WHAT IS BEING ASKED => Retype the listing exactly; omit pictures.

= = =

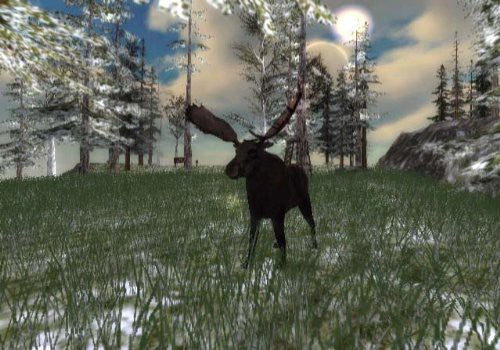 North American Hunting Extravaganza 1 (DE)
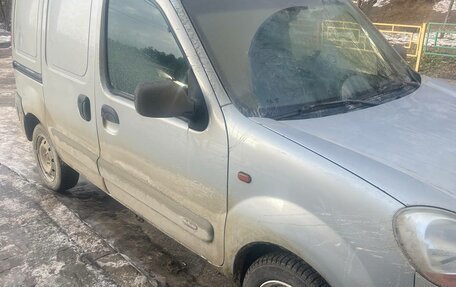 Renault Kangoo II рестайлинг, 2004 год, 350 000 рублей, 2 фотография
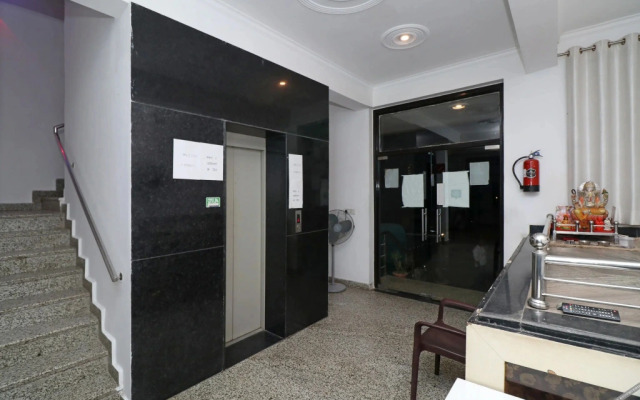 Rajni Guest House by OYO Rooms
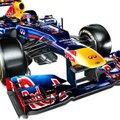 „Red Bull“ automobilis – vis dar greičiausias rikiuotėje?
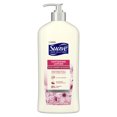 thumbnail image 5 of Suave Skin Solutions Body Lotion Wild Cherry Blossom 18 oz, 5 of 7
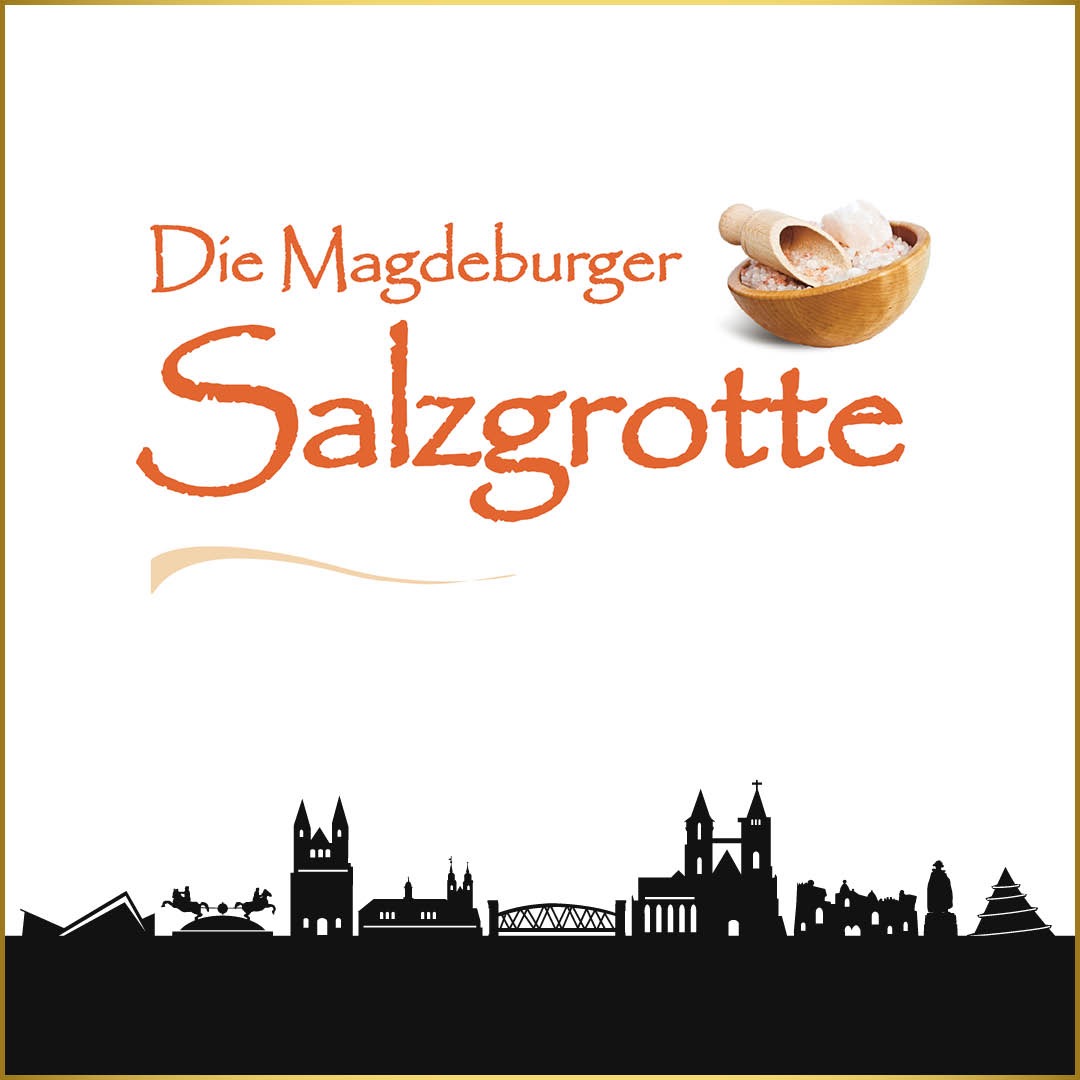 Bild vom Samforcitypartner Die Magdeburger Salzgrotte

= = =

TASK RESULT =>
 North American Hunting Extravaganza 1 (DE)
 Renault Kangoo II рестайлинг, 2004 год, 350 000 рублей, 2 фотография
 Rajni Guest House by OYO Rooms
 „Red Bull“ automobilis – vis dar greičiausias rikiuotėje?
 thumbnail image 5 of Suave Skin Solutions Body Lotion Wild Cherry Blossom 18 oz, 5 of 7
 Bild vom Samforcitypartner Die Magdeburger Salzgrotte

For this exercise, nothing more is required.